Recently, I’ve found myself returning to the world of Disney and have become fascinated with a series of photographs taken behind the scenes at Disneyland from the 1960s: especially those images of employees abandoning their props, taking off their masks, costumes and suits… the moment between being ‘in character’ and stepping away from fantasy and back into the mundane everyday world.
Today, Disney is a massive corporation. Its worldwide entertainment business – from theme parks, movies to broadcast media – plays upon and exploits the human need to escape a world of despair made more confronting by war, man-made and natural disasters, and challenging socio-political circumstances.
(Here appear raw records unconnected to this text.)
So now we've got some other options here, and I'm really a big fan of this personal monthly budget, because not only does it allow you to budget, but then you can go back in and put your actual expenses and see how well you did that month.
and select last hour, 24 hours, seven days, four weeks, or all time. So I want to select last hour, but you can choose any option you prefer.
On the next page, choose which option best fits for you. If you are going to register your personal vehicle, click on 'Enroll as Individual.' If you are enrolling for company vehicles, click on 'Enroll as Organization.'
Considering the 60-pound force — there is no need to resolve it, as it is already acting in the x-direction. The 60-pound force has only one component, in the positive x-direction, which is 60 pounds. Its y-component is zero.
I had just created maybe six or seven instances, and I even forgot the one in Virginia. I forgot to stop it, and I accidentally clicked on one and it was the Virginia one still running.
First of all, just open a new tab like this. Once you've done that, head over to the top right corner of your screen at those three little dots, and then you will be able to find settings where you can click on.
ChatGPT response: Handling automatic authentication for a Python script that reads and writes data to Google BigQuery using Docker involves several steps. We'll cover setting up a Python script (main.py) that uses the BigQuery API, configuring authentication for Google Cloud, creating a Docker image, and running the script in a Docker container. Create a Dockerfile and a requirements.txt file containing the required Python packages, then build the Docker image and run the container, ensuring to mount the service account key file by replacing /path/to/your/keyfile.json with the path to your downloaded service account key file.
Disneyland maybe an enchanting, fun and wondrous place to visit, but equally it is a sombre reflection upon the fragility of the human condition.
Image courtesy of the artist
Susan Norrie's preoccupation with politics and the environment have
always informed the subject matter of her work. From the feminist overtones of
her earlier series 'Lavished Living', (1983-1984) and 'Objet D'Art' (1988), to
her comments on consumerism found in her series 'Tall Tales and True'
(1986-1987) and 'Peripherique' (1989), or to the more recent video works
'Undertow' (2002) and the geologically and politically volatile view of
Indonesia documented in 'Havoc', seen at the 2007 Venice Biennale, Norrie’s
diverse oeuvre is challenging and, at times, polemical in its honest
deconstruction of modern society.
After studying painting at the National Art School, Sydney and the National
Gallery School, Melbourne in the 1970s, Norrie began creating films and
installation pieces in the mid-1990s; works that blur the line between art and documentary.
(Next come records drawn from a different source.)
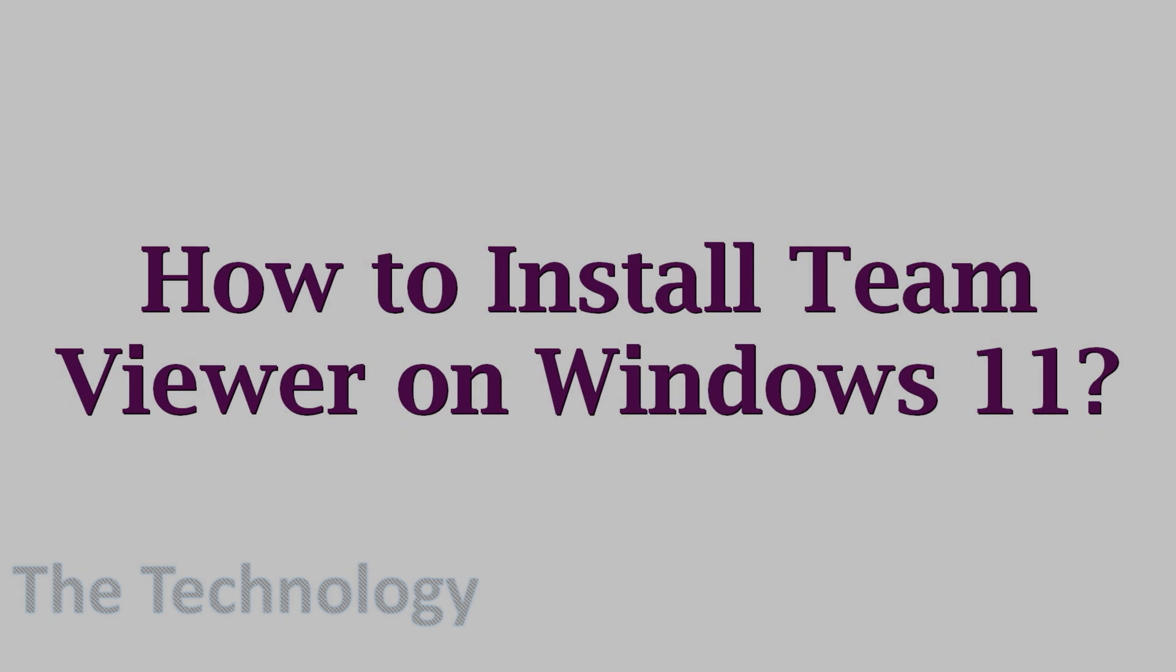Hello everyone, welcome back to my YouTube channel. In this video, I'm showing how to install TeamViewer on Windows 11.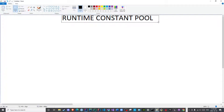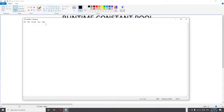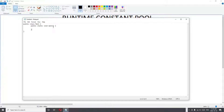Let us discuss the runtime constant pool, but I feel we should start with an example before we start defining it. So I have notepad ready this time. I will create a basic program — the same as the one I created in the previous lecture — just one line, one simple instruction, which is to print a string, within a void main method, simply to show you the difference between the constant pool and the runtime constant pool.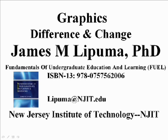Hi, this is Professor Lapuma of the New Jersey Institute of Technology, recording for my Technical Communications class, with the material drawn from my text, Fundamentals of Undergraduate Education and Learning.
The beauty of Norrie’s works – whether it be painting, drawing, installation or
video – is Norrie's control of media and materiality. The tactile quality of
her surfaces are often a contradictory experience to the harsh reality of the
stories she tells.
From the moment Norrie began exhibiting in 1982, her work has been
highly regarded for being both conceptually and materially advanced. In 1987, she
won the first Moet & Chandon prize for an artist under 35, which became a
pivotal point in her career. Since then, she has held residencies at Greene
Street Studio, New York, and in New Zealand and Germany. She received the 1997
Seppelt Prize, Contemporary Art Award, Museum of Contemporary Art, Sydney. In
1999 she received an Australia Council Fellowship, and in 2004 she received an
APA Scholarship for PhD Studies at the University of New South Wales, Sydney.
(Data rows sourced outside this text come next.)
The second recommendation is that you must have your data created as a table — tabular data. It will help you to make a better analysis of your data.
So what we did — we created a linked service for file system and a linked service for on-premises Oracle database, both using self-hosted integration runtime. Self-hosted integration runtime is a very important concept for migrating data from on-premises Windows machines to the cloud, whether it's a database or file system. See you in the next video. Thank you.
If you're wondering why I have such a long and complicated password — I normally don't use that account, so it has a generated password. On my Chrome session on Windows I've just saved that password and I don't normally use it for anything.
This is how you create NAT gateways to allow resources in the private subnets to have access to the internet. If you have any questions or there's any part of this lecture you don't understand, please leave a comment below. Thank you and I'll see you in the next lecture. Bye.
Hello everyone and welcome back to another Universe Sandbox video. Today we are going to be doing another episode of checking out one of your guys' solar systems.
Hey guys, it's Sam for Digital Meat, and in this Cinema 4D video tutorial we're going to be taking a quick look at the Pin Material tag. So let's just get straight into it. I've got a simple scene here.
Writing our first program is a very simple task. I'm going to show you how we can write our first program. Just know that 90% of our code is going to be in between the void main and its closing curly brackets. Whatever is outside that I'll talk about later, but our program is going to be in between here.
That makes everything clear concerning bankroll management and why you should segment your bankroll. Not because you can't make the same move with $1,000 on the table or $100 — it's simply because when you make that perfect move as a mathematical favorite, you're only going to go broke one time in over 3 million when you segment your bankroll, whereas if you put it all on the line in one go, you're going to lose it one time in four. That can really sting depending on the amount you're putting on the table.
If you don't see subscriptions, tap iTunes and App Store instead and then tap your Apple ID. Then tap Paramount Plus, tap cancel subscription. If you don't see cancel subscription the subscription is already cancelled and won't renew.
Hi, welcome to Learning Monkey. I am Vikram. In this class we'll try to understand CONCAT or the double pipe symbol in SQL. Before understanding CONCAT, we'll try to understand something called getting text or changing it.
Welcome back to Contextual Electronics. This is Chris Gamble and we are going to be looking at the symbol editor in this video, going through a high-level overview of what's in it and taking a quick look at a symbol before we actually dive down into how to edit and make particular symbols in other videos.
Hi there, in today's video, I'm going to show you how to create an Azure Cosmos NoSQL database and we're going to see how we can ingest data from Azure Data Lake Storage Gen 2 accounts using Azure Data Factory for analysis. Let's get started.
Norrie’s work has been exhibited in many international and national
surveys of contemporary art. She represented Australia at the 2007 Venice
Biennale, and has been in important group shows including the Montreal Biennale (2015); the Biennale of Sydney (2014, 2004); the Yokohama Triennale (2011); In the Balance: Art for a Changing World,
Museum of Contemporary Art, Sydney (2010); and Figuring Landscapes, Tate Modern, London (2008). Norrie's work has been written on extensively and is held in all state and most regional gallery
collections of Australia, as well as in the Auckland City Art Gallery and the
Solomon R. Guggenheim Museum, New York.